• RECORD SET:
BEGIN

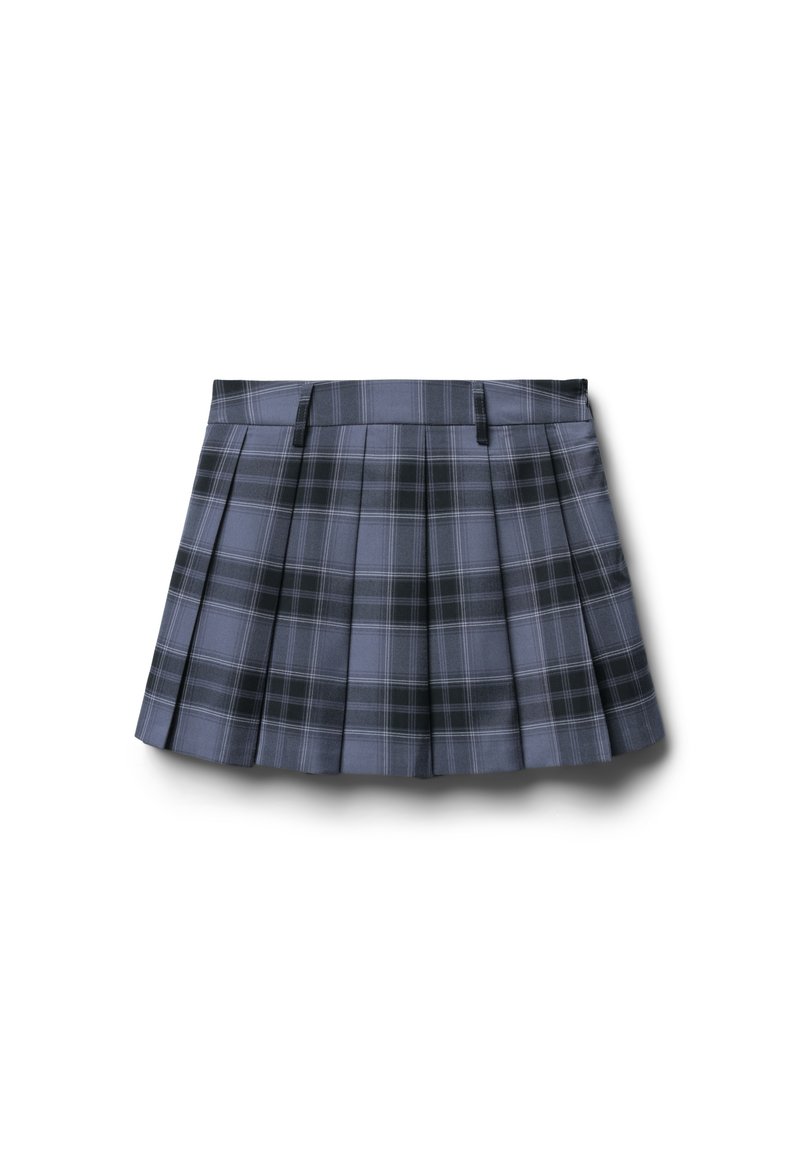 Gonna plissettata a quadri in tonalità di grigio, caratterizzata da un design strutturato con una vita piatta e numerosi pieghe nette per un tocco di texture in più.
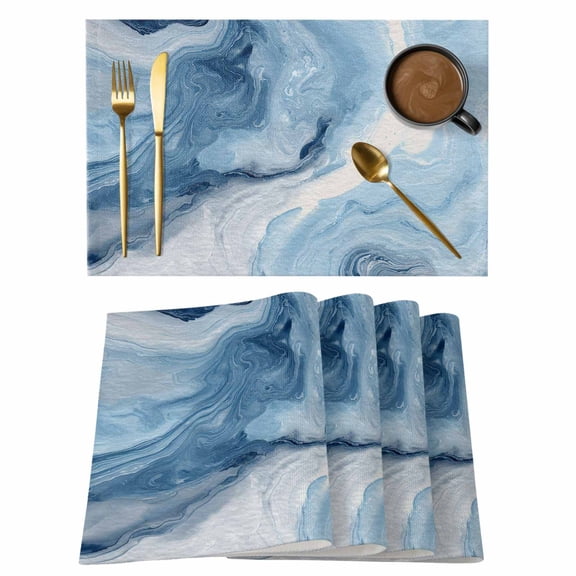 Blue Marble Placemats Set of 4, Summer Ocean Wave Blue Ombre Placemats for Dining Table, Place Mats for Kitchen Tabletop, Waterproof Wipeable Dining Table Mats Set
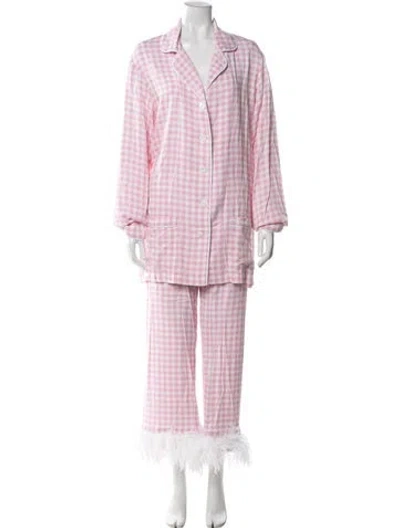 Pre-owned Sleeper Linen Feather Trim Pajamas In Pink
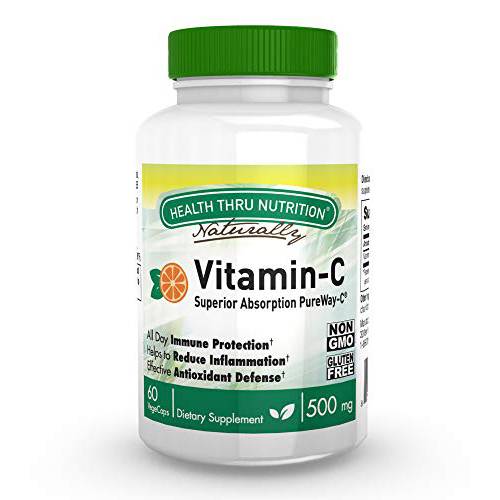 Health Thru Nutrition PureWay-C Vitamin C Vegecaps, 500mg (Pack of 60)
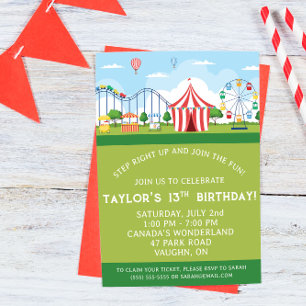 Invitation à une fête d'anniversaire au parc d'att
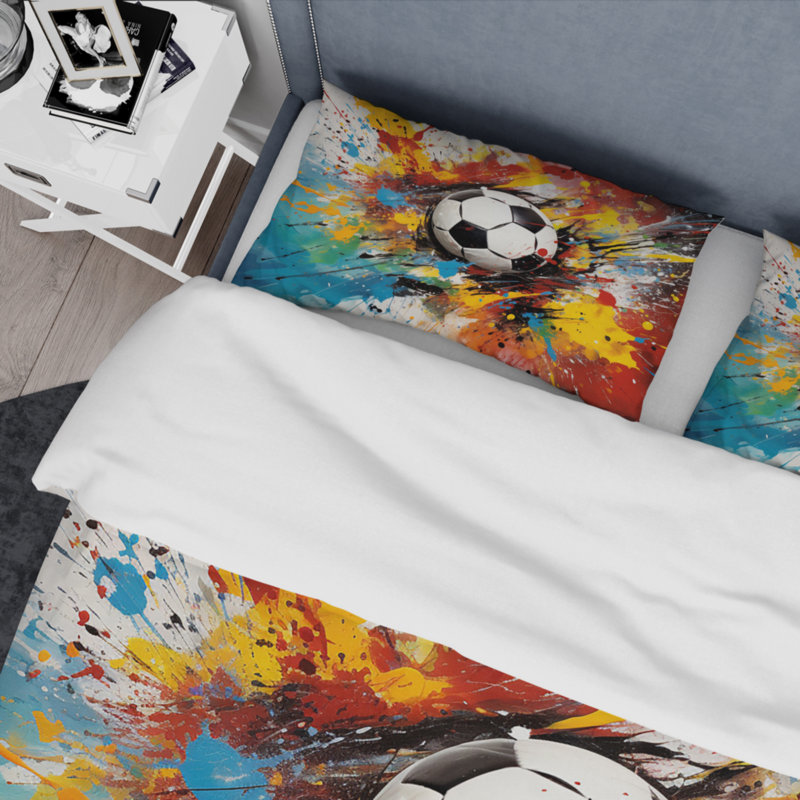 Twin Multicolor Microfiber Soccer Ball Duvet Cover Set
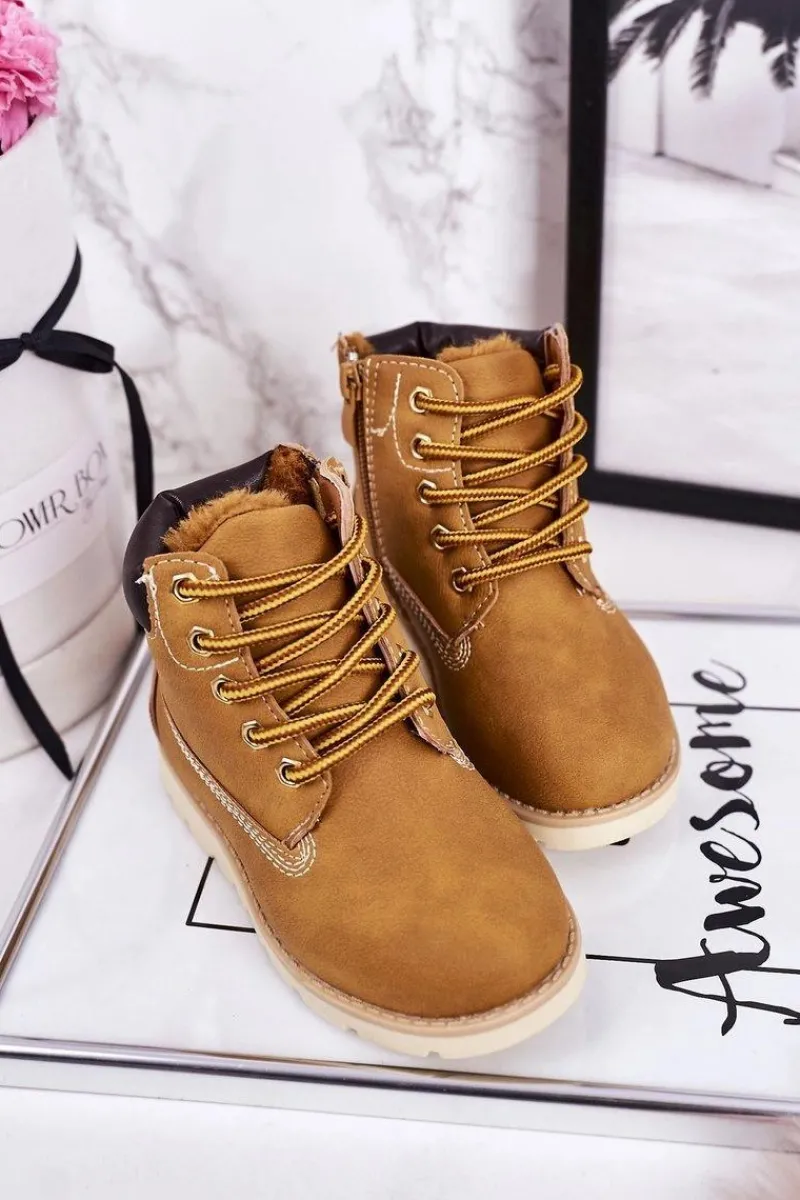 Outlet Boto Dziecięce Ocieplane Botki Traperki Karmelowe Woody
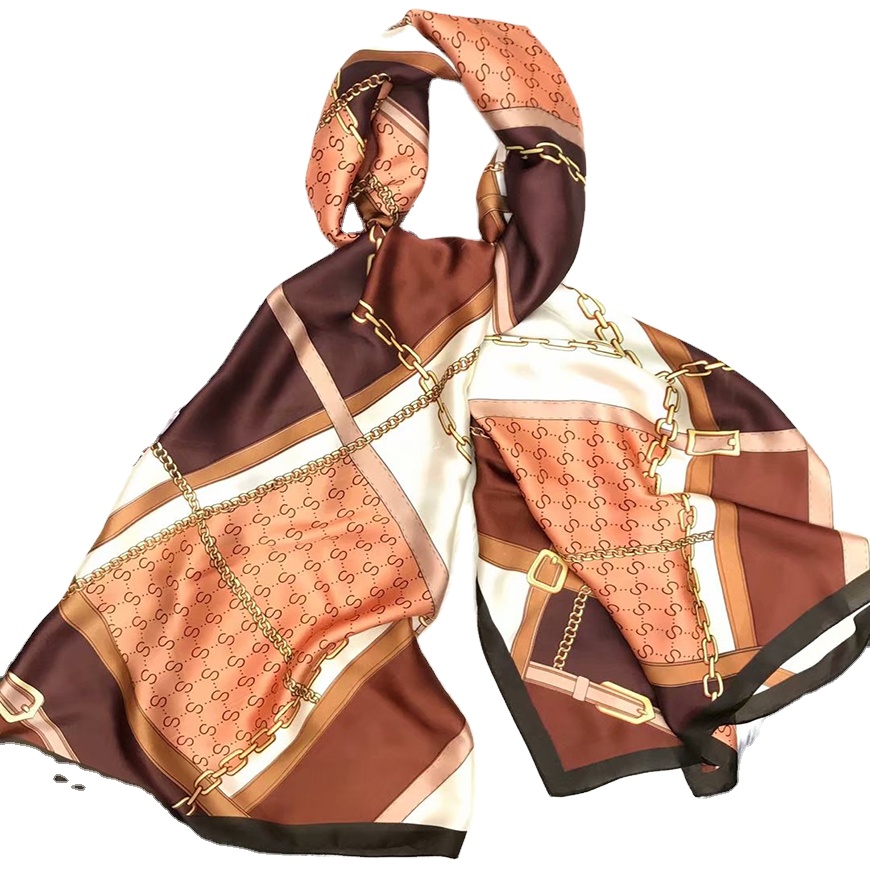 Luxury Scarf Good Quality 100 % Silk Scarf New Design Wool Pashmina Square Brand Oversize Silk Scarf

END

• WORK INSTRUCTION:
Would you copy the lines from the one holding "Twin Multicolor Microfiber" down to the last line of the material, both included, exactly and with nothing added, skipping the pictures?

• RESPONSE TO THIS EXERCISE:
 Twin Multicolor Microfiber Soccer Ball Duvet Cover Set
 Outlet Boto Dziecięce Ocieplane Botki Traperki Karmelowe Woody
 Luxury Scarf Good Quality 100 % Silk Scarf New Design Wool Pashmina Square Brand Oversize Silk Scarf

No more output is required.